*ASSIGNED TASK*
This exercise asks for the entries to be repeated exactly, without their images.

*DATASET CONTENT*

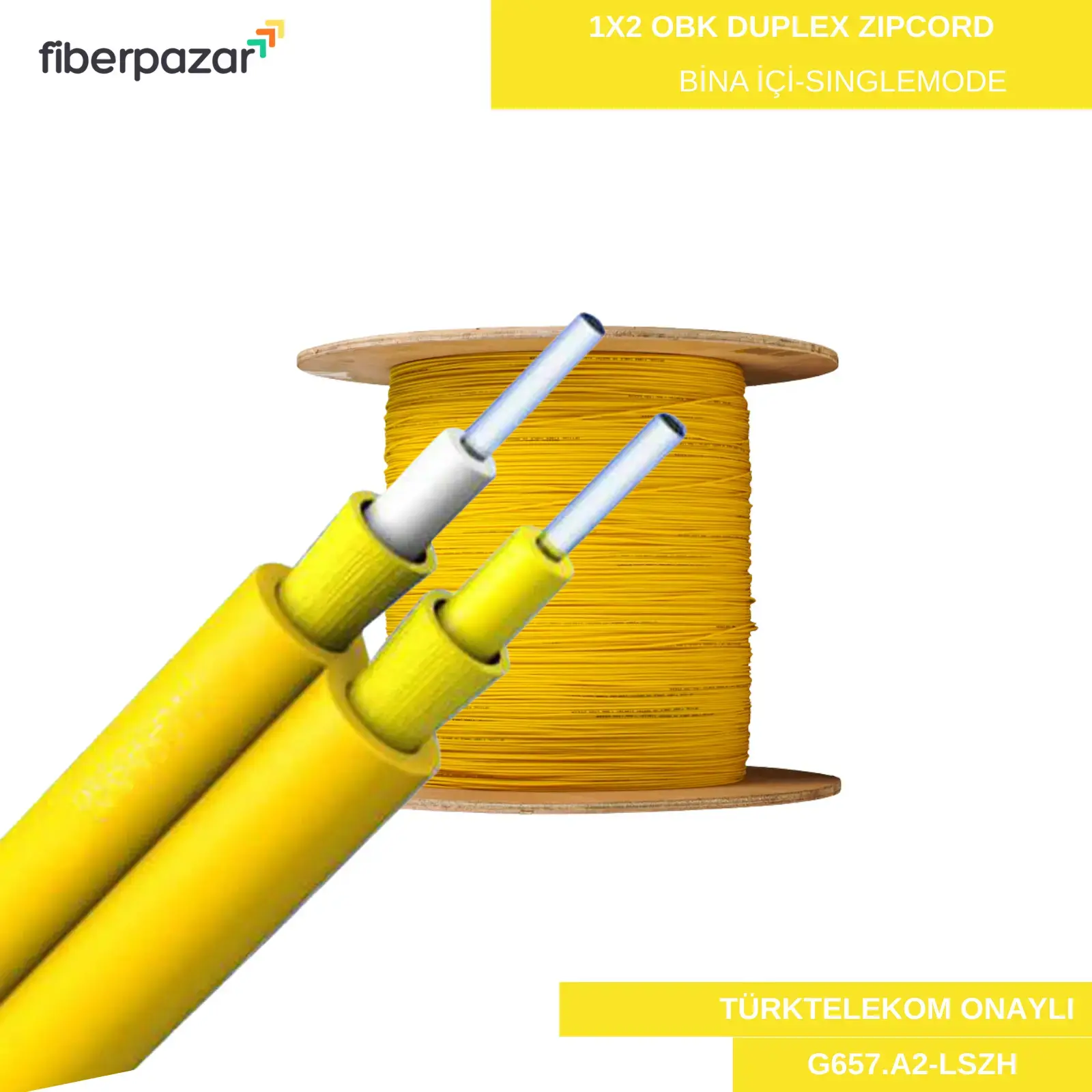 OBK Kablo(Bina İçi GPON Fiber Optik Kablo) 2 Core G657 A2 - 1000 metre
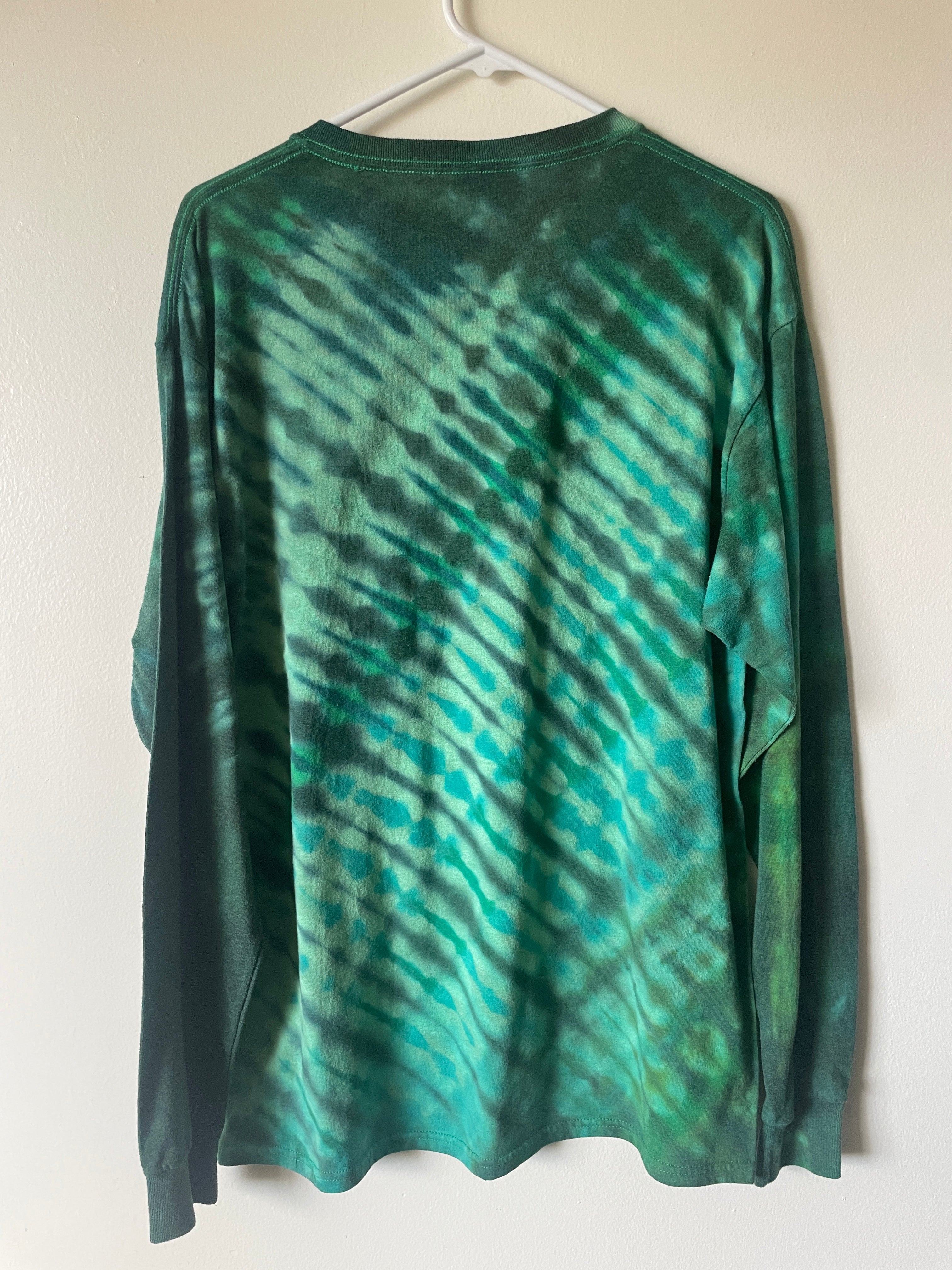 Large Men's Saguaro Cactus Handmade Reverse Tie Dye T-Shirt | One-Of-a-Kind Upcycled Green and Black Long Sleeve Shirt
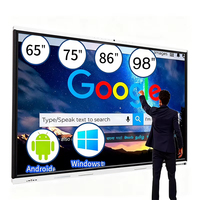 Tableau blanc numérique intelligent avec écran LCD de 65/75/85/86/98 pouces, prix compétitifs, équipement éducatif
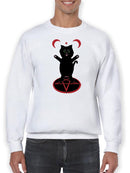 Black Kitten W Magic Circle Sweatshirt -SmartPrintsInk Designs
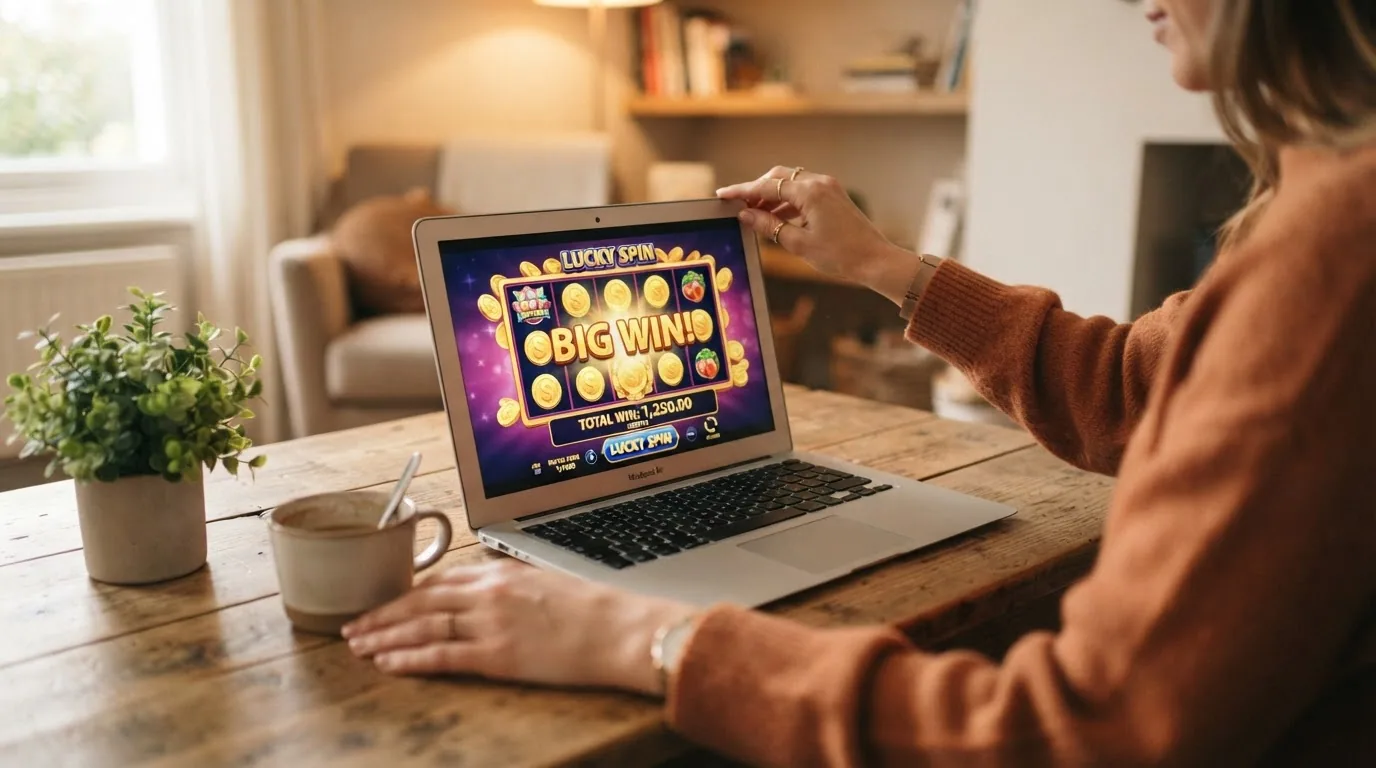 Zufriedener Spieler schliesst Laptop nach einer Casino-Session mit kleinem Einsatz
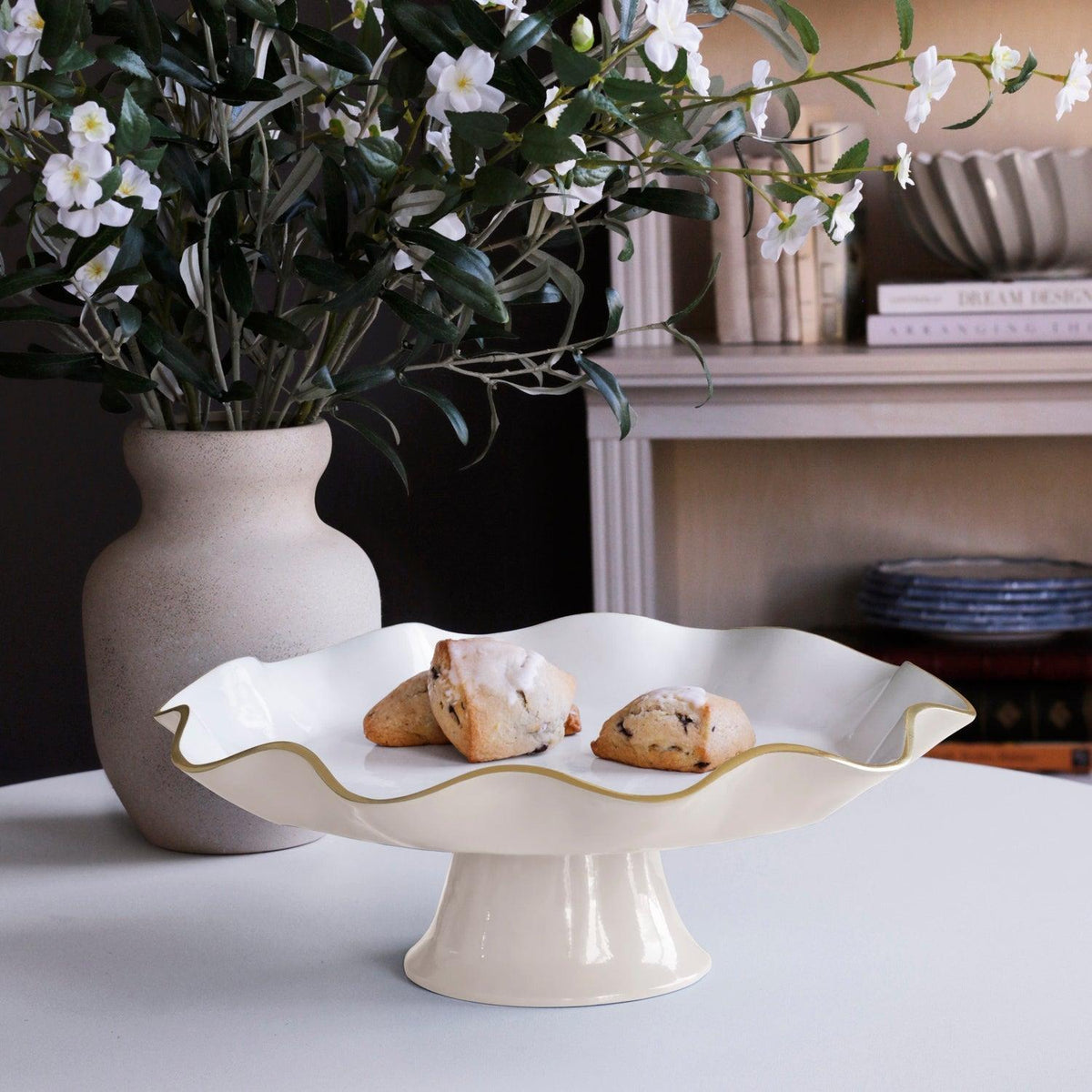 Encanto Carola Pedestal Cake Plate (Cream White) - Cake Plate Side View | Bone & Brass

*COMPLETED TASK*
 OBK Kablo(Bina İçi GPON Fiber Optik Kablo) 2 Core G657 A2 - 1000 metre
 Large Men's Saguaro Cactus Handmade Reverse Tie Dye T-Shirt | One-Of-a-Kind Upcycled Green and Black Long Sleeve Shirt
 Tableau blanc numérique intelligent avec écran LCD de 65/75/85/86/98 pouces, prix compétitifs, équipement éducatif
 Black Kitten W Magic Circle Sweatshirt -SmartPrintsInk Designs
 Zufriedener Spieler schliesst Laptop nach einer Casino-Session mit kleinem Einsatz
 Encanto Carola Pedestal Cake Plate (Cream White) - Cake Plate Side View | Bone & Brass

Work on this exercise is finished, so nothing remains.